Degradation of Ni-rich cathode materials: A multiple fields coupling with negative feedback process

Abstract

Ni-rich cathode materials have recently received phenomenal attention owing to their high energy density and cost-effective nature. Up to now, Li-ion batteries (LIBs) based on Ni-rich layered cathode have been widely used as power source in electric vehicles (EVs). However, Ni-rich cathode materials suffer from serious capacity fading during electrochemical operation and this phenomenon becomes more obvious with the increase of Ni content. The relatively inferior reliability and durability of Ni-rich cathodes lead to some safety hazards and hinder their industrialization.

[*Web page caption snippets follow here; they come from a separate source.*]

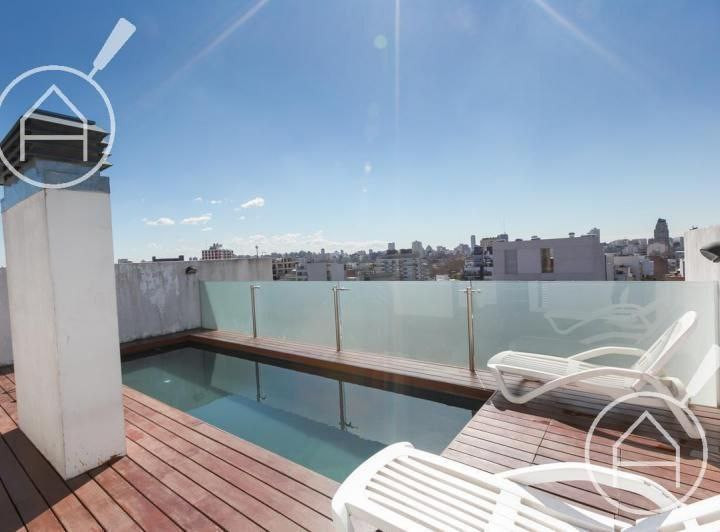 Двухкомнатная квартира в Палермо Буэнос-Айрес - изображение 10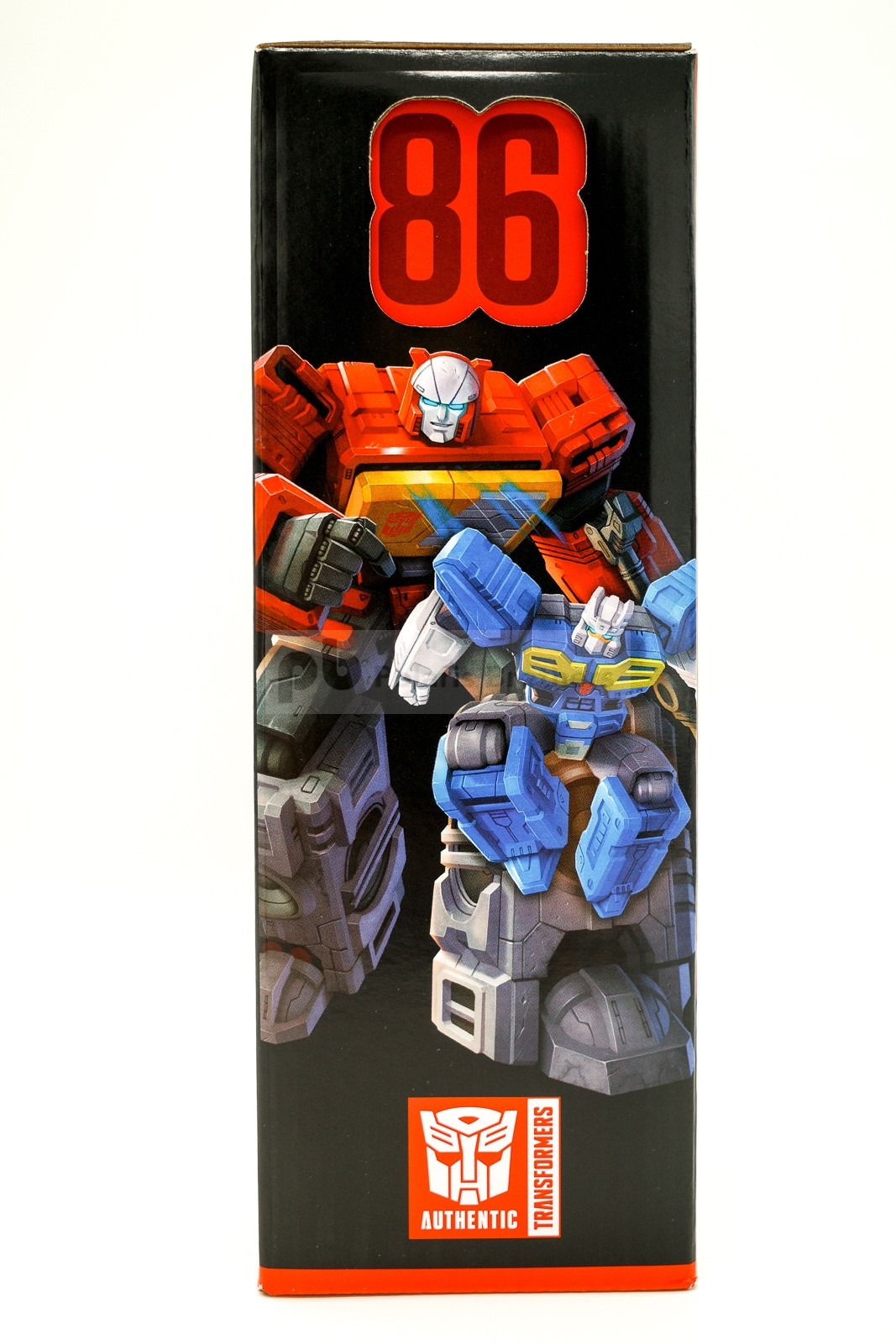 Transformers Studio Series 86 Autobot Blaster & Eject Action Figure – In Stock!
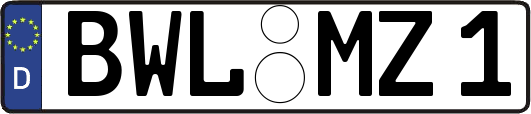 BWL-MZ1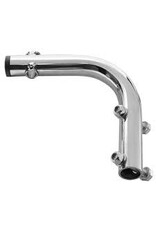 CRG CRG Exhaust crandle chrome type DD complete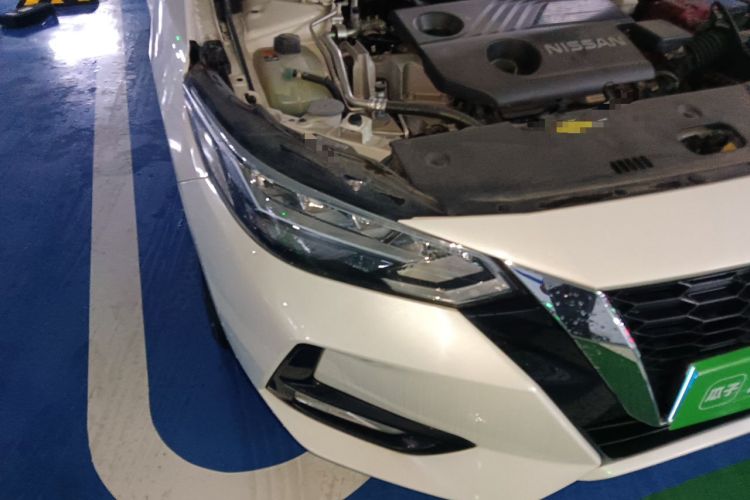 Used Nissan Sylphy 2020 1.6L XL CVT Enjoyment Edition Right Front Headlight
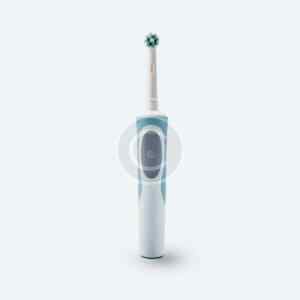Rotating head brush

In this context, a great deal of attentions in materials surface/interface chemistries and structure evolution under multiple physicochemical fields operating conditions has been paid to better understand the degradation mechanisms. This article analyzed the origin of multiple fields during operating condition and systematically reviewed the reported failure pathways under different physicochemical fields, providing a detailed understanding on degradation mechanisms of Ni-rich cathodes. Induced degradation pathways from multiple fields coupling lead to further performance degradation, which in turn intensifies the coupling of physicochemical fields. Such a negative feedback loop is believed to responsible for the fast capacity fading of Ni-rich cathode materials. Finally, some insightful future perspectives are also proposed to help further encourage the industrialization of Ni-rich cathodes.